Romansa Bandung

Jejak Sejarah Terlupakan: Makam dan Nisan Misterius di Tengah Kota Bandung

Makam Letnan Tionghoa Pertama di Bandung

“Sebagian dari kompleks makam ini terkait erat dengan sejarah di Bandung. Sayangnya, banyak dari mereka yang sekarang sudah hampir terlupakan oleh warga sekitarnya.”

RomansaBandung.com – Di tengah hiruk-pikuk kota Bandung yang modern, tersembunyi sejumlah kompleks makam yang mengandung sejarah panjang dan kisah-kisah menarik.

Beberapa di antaranya bahkan terletak di tengah pusat kota, namun sering terabaikan oleh perubahan zaman.

Makam-makam ini menjadi tempat peristirahatan abadi bagi keluarga-keluarga yang telah lama berakar di kota Bandung.

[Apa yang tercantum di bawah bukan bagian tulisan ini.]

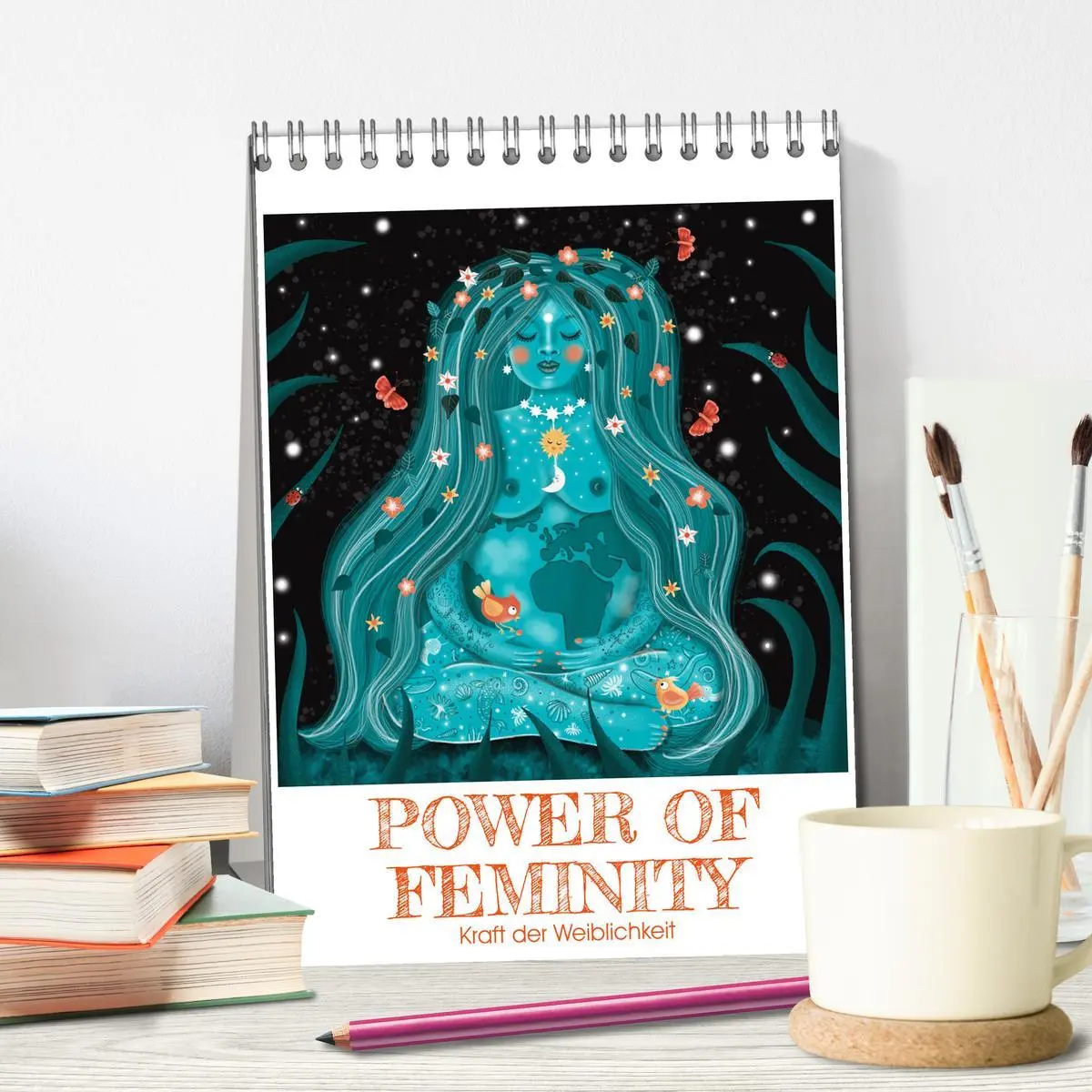 Bild: 9783516332193 | POWER OF FEMINITY - Kraft der Weiblichkeit (Tischkalender 2026 DIN...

Sebagian dari kompleks makam ini terkait erat dengan sejarah Pasar Baru di Bandung. Sayangnya, banyak dari mereka yang sekarang sudah hampir terlupakan oleh warga sekitarnya.

Di jalan-jalan seperti Jl. Cipaganti, Jl. Siti Munigar, Jl. Sukajadi, Jl. Cihampelas, Jl. Kiaracondong, dan lainnya, makam-makam ini menjadi bagian dari sejarah yang semakin tenggelam dalam kepadatan perkotaan.

Meski demikian, ada pula kompleks makam yang masih terawat dengan baik karena berada di bawah pengawasan lembaga atau yayasan milik keluarga, seperti kompleks makam bupati Bandung yang terletak di Jl. Karanganyar dan Jl. Dalem Kaum.

Makam Letnan Pertama Tionghoa di Bandung

Namun, cerita menarik tidak hanya terbatas pada makam-makam. Beberapa nisan yang tersebar di sudut-sudut kota juga memiliki kisah uniknya sendiri.

Salah satu nisan yang baru-baru ini ditemukan adalah milik seorang pemimpin masyarakat Tionghoa di Bandung pada masa lalu, Luitenant Oeij Bouw Hoen.

Nisan ini ditemukan melekat pada tembok belakang sebuah rumah di tengah permukiman padat di Babakan Ciamis.

Sayangnya, sedikit yang dapat bercerita tentang nisan ini, karena mayoritas penduduk di sekitarnya adalah pendatang dari berbagai daerah lain di Pulau Jawa.

Pada masa penjajahan Hindia Belanda, pemerintah membagi masyarakat menjadi tiga golongan, yaitu Eropa, Timur Asing, dan Pribumi.

Setiap golongan memiliki mediator yang bertanggung jawab menjembatani hubungan antara warga dan pemerintah.

Di kalangan komunitas Tionghoa di sekitar Pasar Baru, ada seorang pemimpin yang bertanggung jawab atas berbagai aspek sosial warganya.

Pemimpin wilayah ini disebut sebagai wijkmeester, yang bekerja di bawah pengawasan seorang Letnan.

Meskipun komunitas Tionghoa di Bandung pada masa lalu relatif kecil dibandingkan dengan kota-kota besar lainnya seperti Batavia, Semarang, atau Surabaya, Bandung memiliki sejarahnya sendiri.

Jabatan wijkmeester tertinggi di Bandung hanya sampai tingkat Letnan, berbeda dengan kota-kota besar yang memiliki jabatan hingga Kapiten atau Mayor.

Kota Bandung hanya memiliki tiga Letnan Tionghoa, yang pertama adalah Luitenant Oeij Bouw Hoen, yang menjabat antara tahun 1881-1882.

Jabatan ini dilanjutkan oleh Tan Hay Long (1882-1888) dan kemudian oleh putranya, Tan Joen Liong (1888-1917).

Tan Hay Long sendiri adalah salah satu pendiri Klenteng Hiap Thian Kong (Kuil Para Dewa), yang sekarang dikenal sebagai Vihara Satya Budhi di Jl. Klenteng, Bandung.

Sebuah nisan yang terabaikan mengungkapkan sebagian dari warisan berharga ini di tengah gemerlapnya kota Bandung yang modern.